* **What to do**: Set down every entry exactly as given. Pictures are to be left out.

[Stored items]
──────

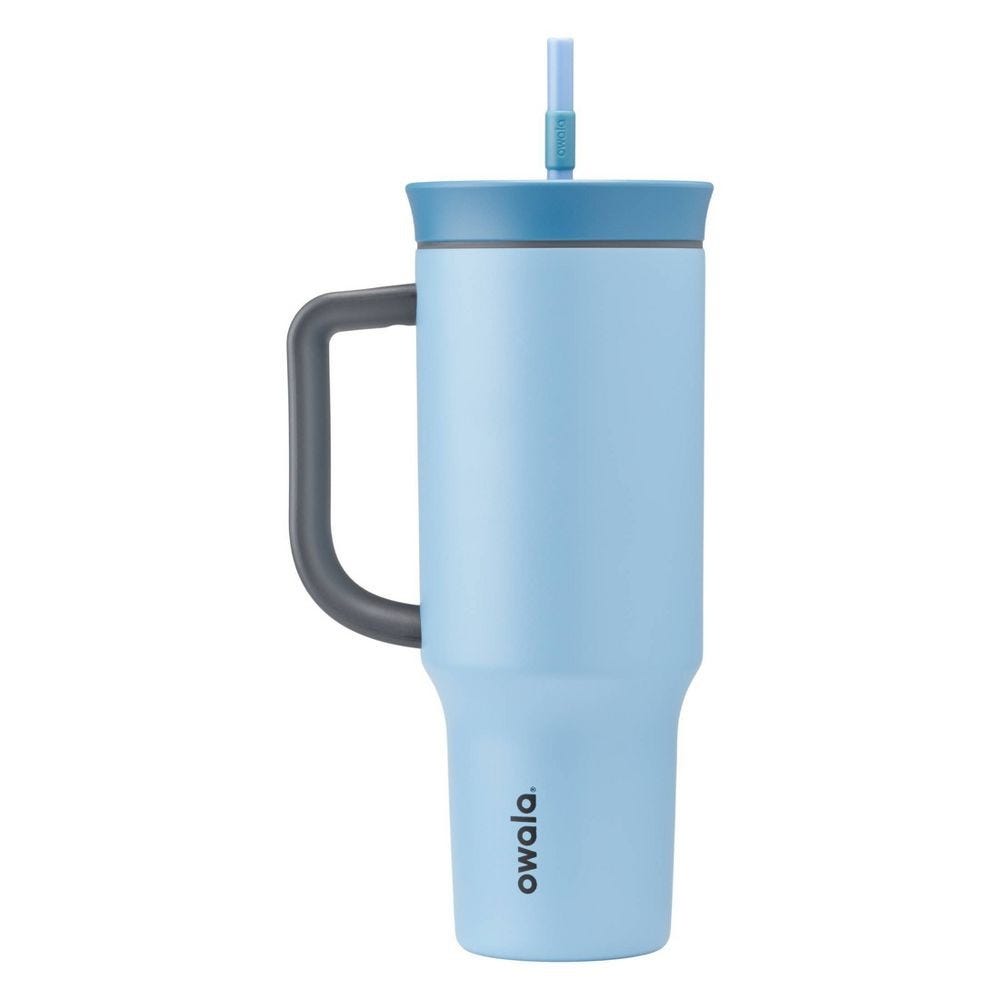 A light blue Owala travel mug with a handle, lid, and integrated straw.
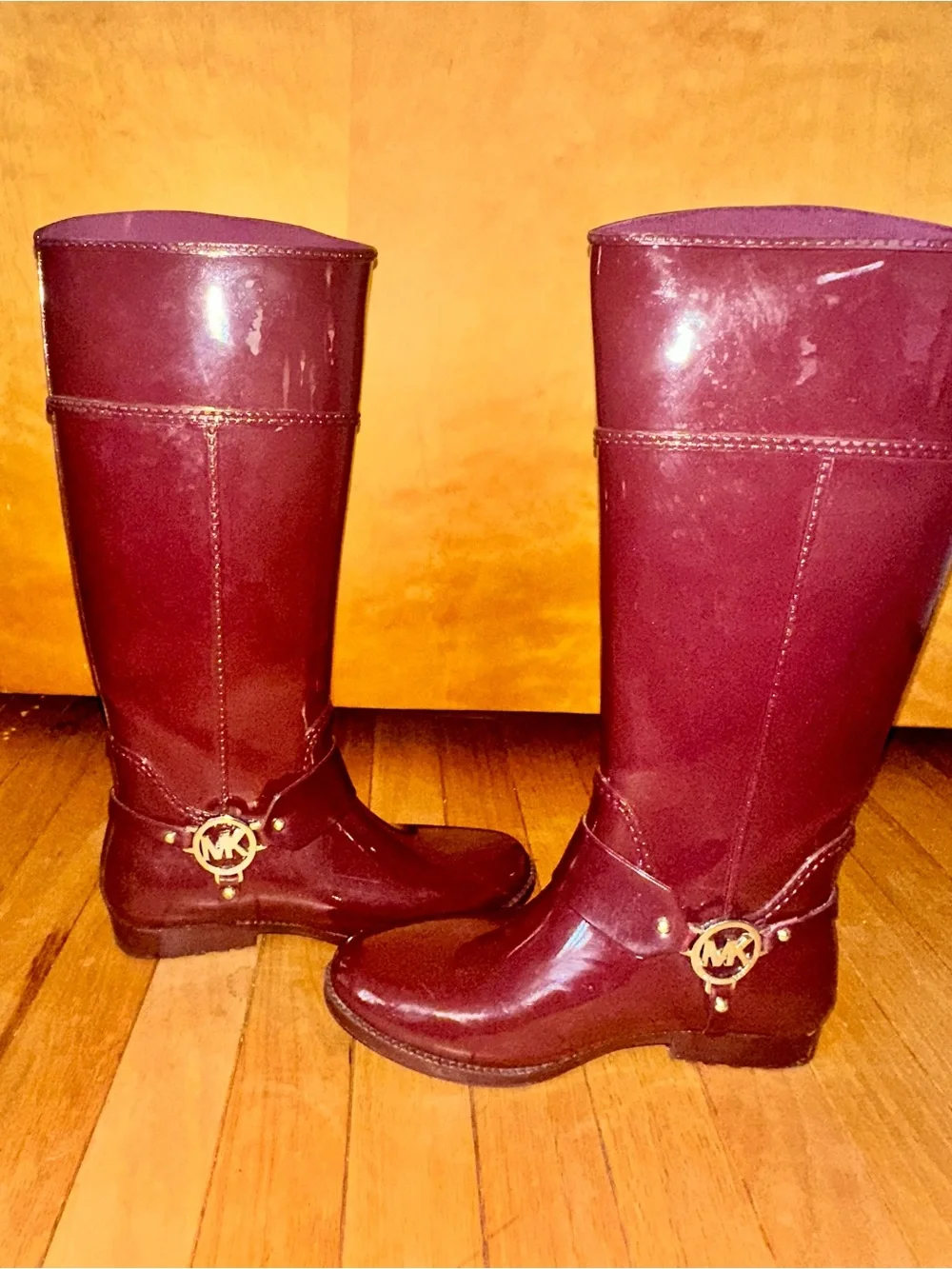 Michael Kors Glossy Burgundy Knee-High Rain Boots with Gold MK Accent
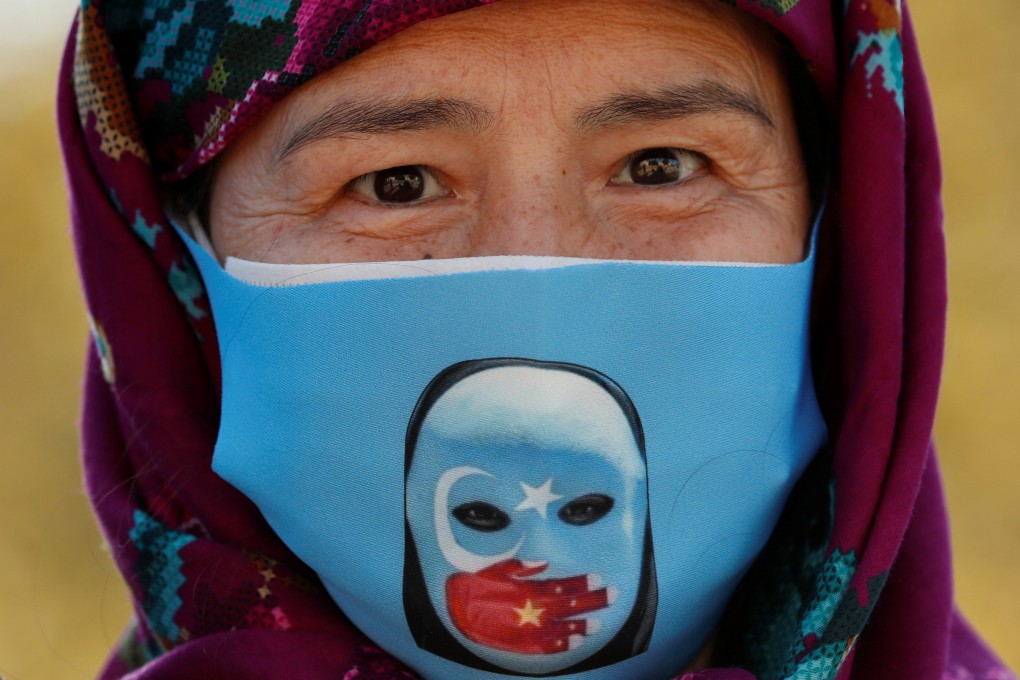 An ethnic Uygur demonstrator wearing a protective face mask takes part in a protest against China, in Istanbul, Turkey on Thursday. Photo: Reuters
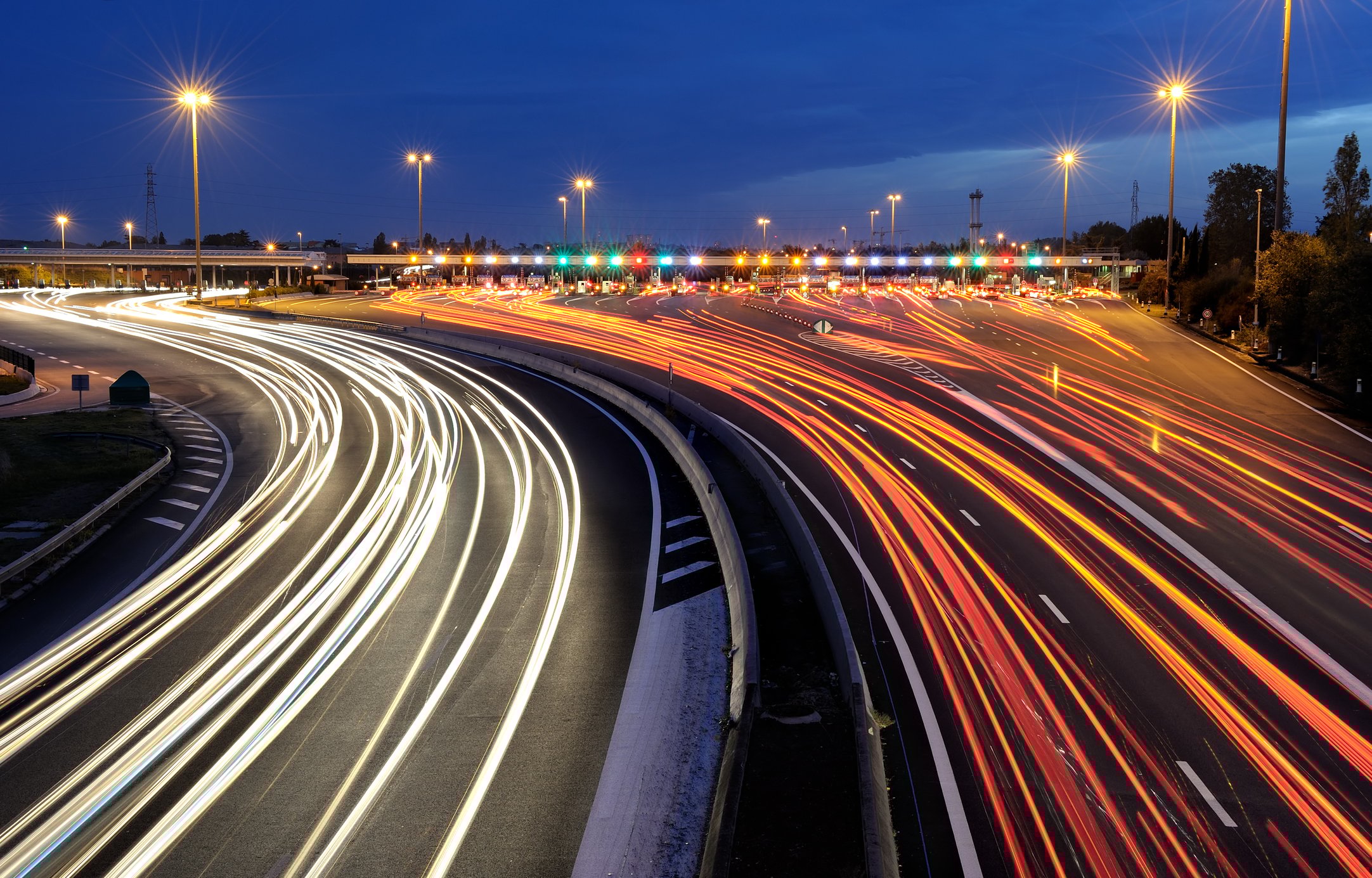 A toll road with traffic blurring at night.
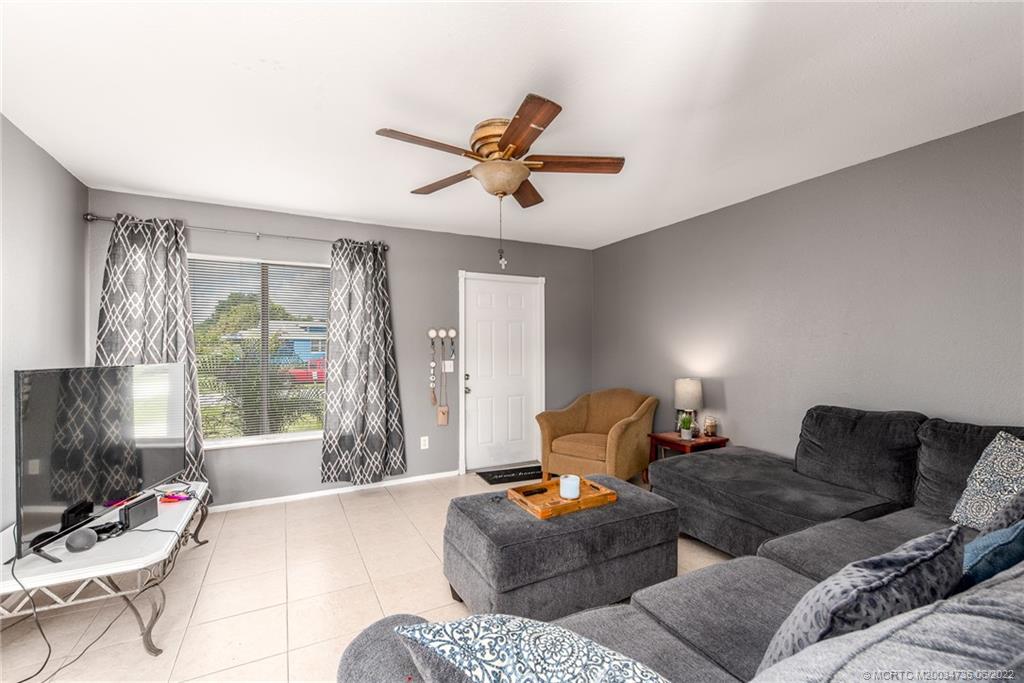 255 Southwest Homeland Road Port St. Lucie, FL 34953 - Photo 5 of 15 a bedroom with furniture and a fireplace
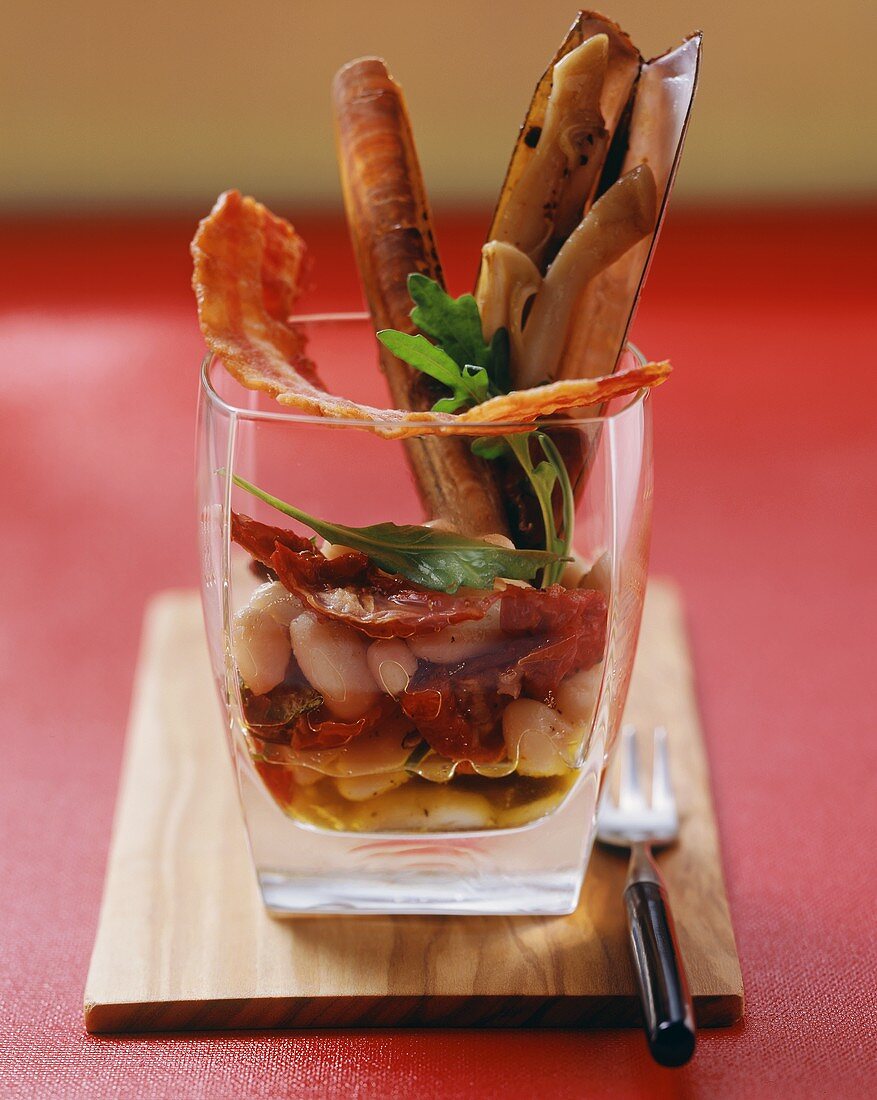 Razor shell salad with bacon and white beans in glass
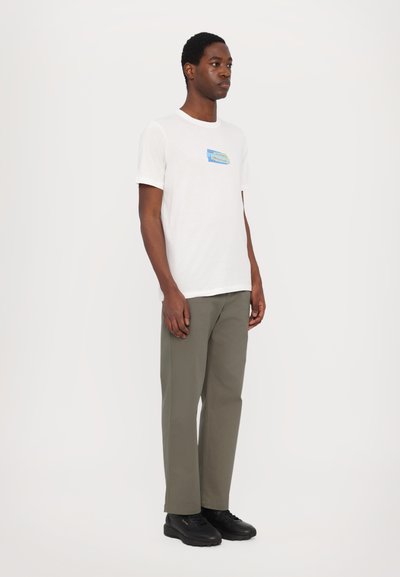 T-shirt blanche avec un graphisme multicolore sur le devant, associée à un pantalon vert olive et des chaussures noires. Design simple, coupe décontractée.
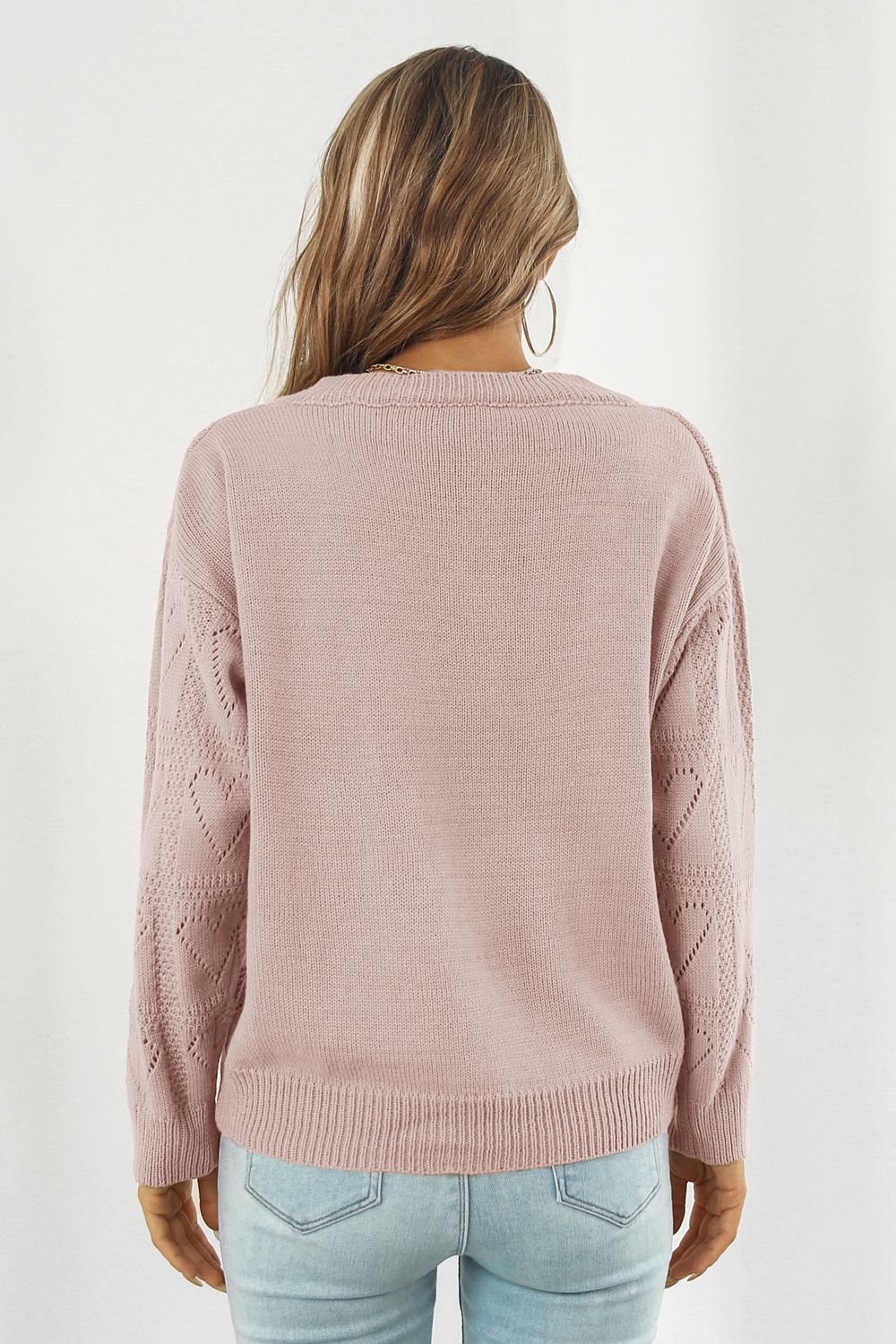 Dusty Pink acrylic V-neck knit pullover sweater with heart stitch detail on sleeves.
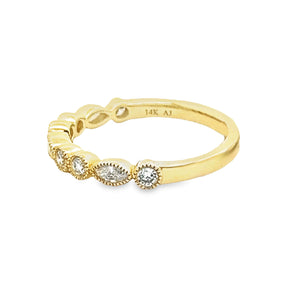 This 18k yellow gold diamond band by A. Jaffe features marquise and...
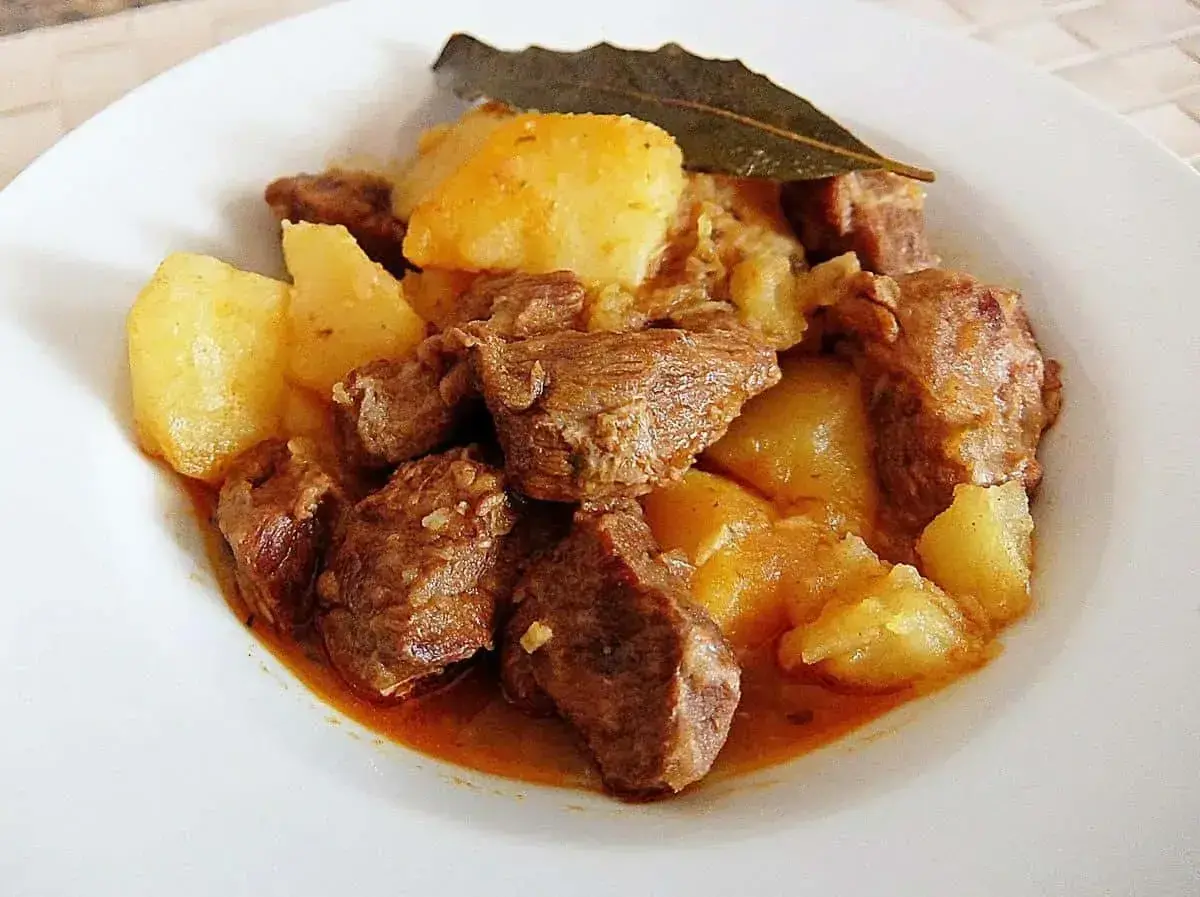 Sabroso morcillo de ternera guisado con patatas y una hoja de laurel, servido en un plato blanco.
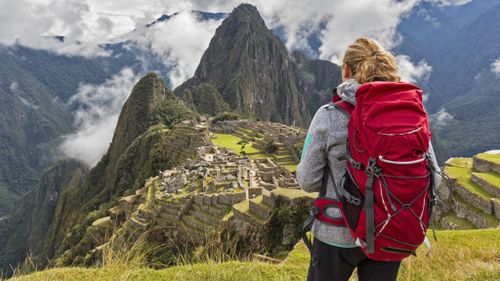 Woman backpacking alone travel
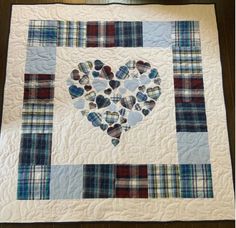 a heart made out of hearts on a quilt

──────

* **Task solution**:
 A light blue Owala travel mug with a handle, lid, and integrated straw.
 Michael Kors Glossy Burgundy Knee-High Rain Boots with Gold MK Accent
 An ethnic Uygur demonstrator wearing a protective face mask takes part in a protest against China, in Istanbul, Turkey on Thursday. Photo: Reuters
 A toll road with traffic blurring at night.
 255 Southwest Homeland Road Port St. Lucie, FL 34953 - Photo 5 of 15 a bedroom with furniture and a fireplace
 Razor shell salad with bacon and white beans in glass
 T-shirt blanche avec un graphisme multicolore sur le devant, associée à un pantalon vert olive et des chaussures noires. Design simple, coupe décontractée.
 Dusty Pink acrylic V-neck knit pullover sweater with heart stitch detail on sleeves.
 This 18k yellow gold diamond band by A. Jaffe features marquise and...
 Sabroso morcillo de ternera guisado con patatas y una hoja de laurel, servido en un plato blanco.
 Woman backpacking alone travel
 a heart made out of hearts on a quilt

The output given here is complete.